SoS Musings #28 - The Dark Web

SoS Musings #27
The Dark Web

The threat landscape faced by organizations has been significantly expanded by an elusive part of the World Wide Web known as the dark web. The term “dark web” refers to the collection of websites and networks that cannot be accessed via regular search engines such as Google and Yahoo. Access to the dark web requires the use of special tools and software, including peer-to-peer (P2P) browsers or the Onion Router (Tor). The dark web is often used as the grounds for a marketplace of illicit services and tools since this part of the internet provides anonymity through encryption. Some examples of crimes that can be committed via the use of the dark web include extortion, sex trafficking, terrorism, selling illegal drugs, and hiring assassins. In pertinence to the realm of cybercrime, the dark web allows cybercriminals to collaborate with each other, purchase or sell stolen credentials to online accounts, advertise hacking tools, and more. The dark web has made many headlines in recent years and raised concern about cybercriminal activity.
 
Researchers and law enforcement have made many discoveries surrounding the dark web. A report published by Deloitte, titled “Black Market Ecosystem: Estimating the Cost of ‘Pwnership’” emphasizes that cybercriminals do not need a high level of technical expertise to carry out cybercriminal operations as they can purchase tools and services on the dark web to conduct such operations for them, increasing the chances of cybercrime. A study conducted by researchers from Georgia State University and the University of Surrey revealed the availability of Secure Sockets Layer (SSL) and Transport Layer Security (TSL) certificates in the dark web, which are packaged with crimeware to enable the delivery of machine identities to cybercriminals. These machine identities can then be used to spoof websites, intercept encrypted traffic, steal sensitive data, and perform other attacks. Cybercriminals have automated social engineering services available to them in the dark web as discovered by security researchers. Security researchers also discovered an automated phone calling service being offered to cybercriminals in the dark web for $250 per month that allows them to deceive victims into giving them their credit card pins or other sensitive information. This service was expected to garner much attention from cybercriminals as the stolen credit card and debit card numbers often exchanged between them within the dark web would be useless without victims’ ATM pins if the aim was just to steal cash. A traffic distribution system (TDS), called BlackTDS, was also discovered being offered on the dark web as a service that would allow low-skilled cybercriminals to execute malicious sophisticated drive-by attacks. According to researchers, BlackTDS, would simply the launch of large-scale malware campaigns by performing social engineering, redirecting victims to exploit kits, and preventing the detection of such attacks by researchers and sandboxes. Recent observations made by researchers at IBM X-Force have brought further attention to the increasing shift of the dark web marketplace towards cybercrime services such as malware-as-a-service (MaaS) and infrastructure-as-a-service (IaaS) in which prepackaged malware and access to compromised devices are sold to threat actors.
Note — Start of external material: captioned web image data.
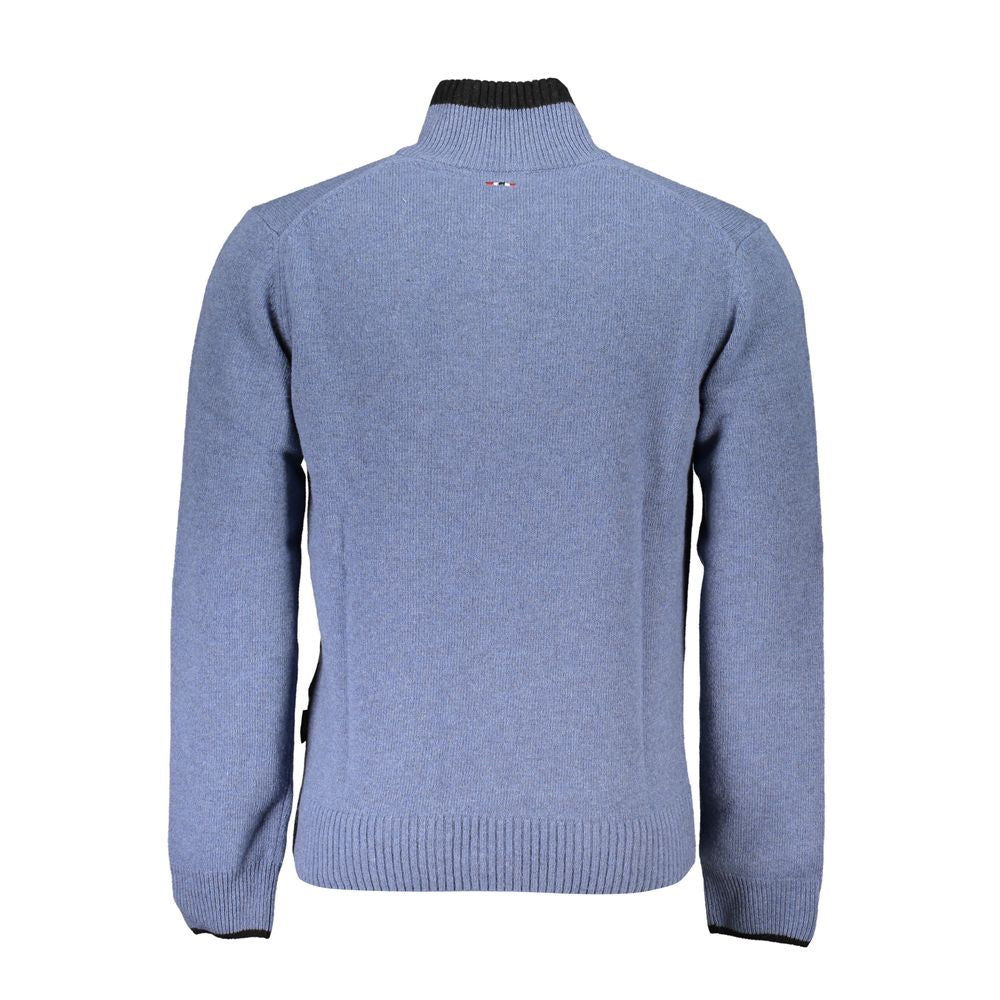 Blue Fabric Men Sweater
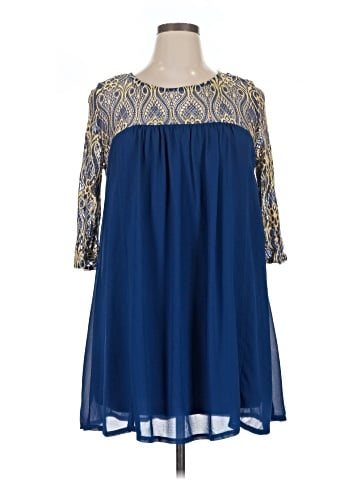 Umgee 3/4 Sleeve Blouse (view 1)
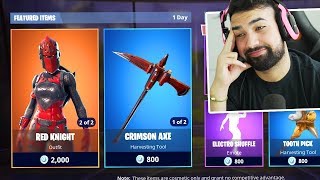 Buying Fortnite RED KNIGHT Skin BUT THERES A PROBLEM [upl. by Pardo]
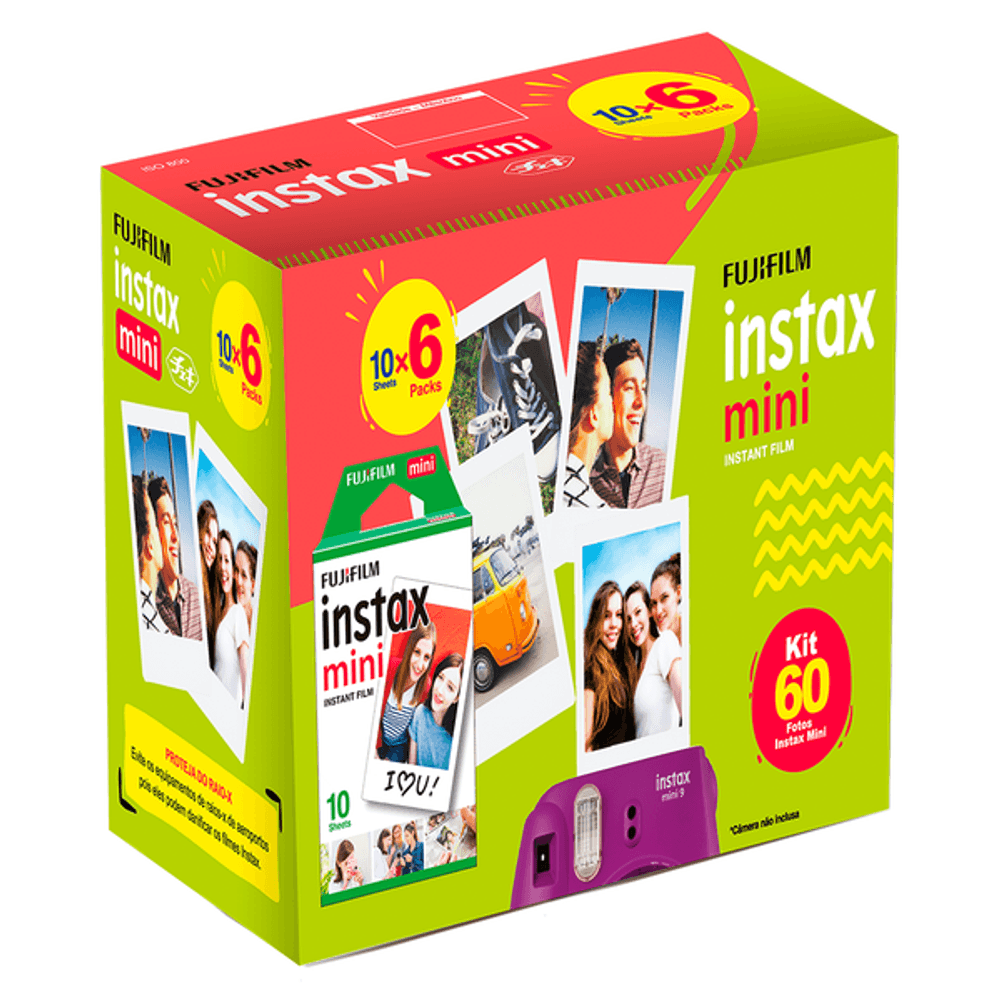 Kit-Filme-Instax-Mini-Instantaneo-Fujifilm-com-60-Fotos Kit-Filme-Instax-Mini-Instantaneo-Fujifilm-com-60-Fotos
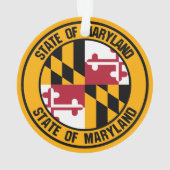 Maryland Round Emblem Ornament (Rückseite)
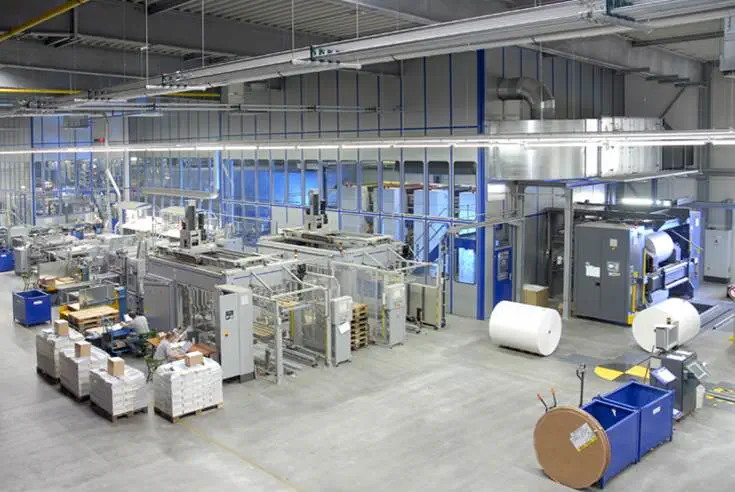 Rollenoffset Druckmaschine Totale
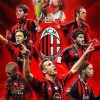 Associazione Calcio Milan paint by numbers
The dark web must continue to be examined for changes in available products and services, as well as shifts in business approaches. 
 
As the dark web provides a platform for cyberattack-as-a-service (CAaaS) marketplaces and forums at which hackers could buy services and tools aimed at facilitating the development and launch of attacks, it is important for the cyber defense community to understand how the dark web ecosystem works in order to develop more effective defenses. MIT researchers conducted a study in which they analyzed services available on the dark web, examined literature about cyberattacks, and interviewed cybersecurity professionals to better understand how cybercriminals advance and operate on the dark web. The study revealed a CAaaS value chain of activities required to create and support cyberattacks, which include discovering vulnerabilities, selecting targets, recruiting new hackers, developing a marketplace for trading, and more. Researchers used the CAaaS value chain to identify 24 primary and supporting services being sold on the dark web such as Exploit-as-a-Service, Payload-as-a-Service, Target Selection-as-a-Service, Hacker-Recruiting-as-a-Service, and more, that could be combined by hackers in the development and escalation of attacks. By understanding the dark web’s cybercrime ecosystem in which these services are available, organizations can improve their approaches to combating cyber attacks. Organizations are encouraged to employ dark web monitoring solutions and dedicate some of their threat intelligence processes to collecting data about the services provided in dark web marketplaces in order to gain insight into potential attacks, attack trends, attacker motivations, indicators of compromise, as well as cybercriminals’ techniques, tactics, and procedures (TTPs). In addition, intelligence collected from the dark web could be used by organizations to develop advanced defense mechanisms.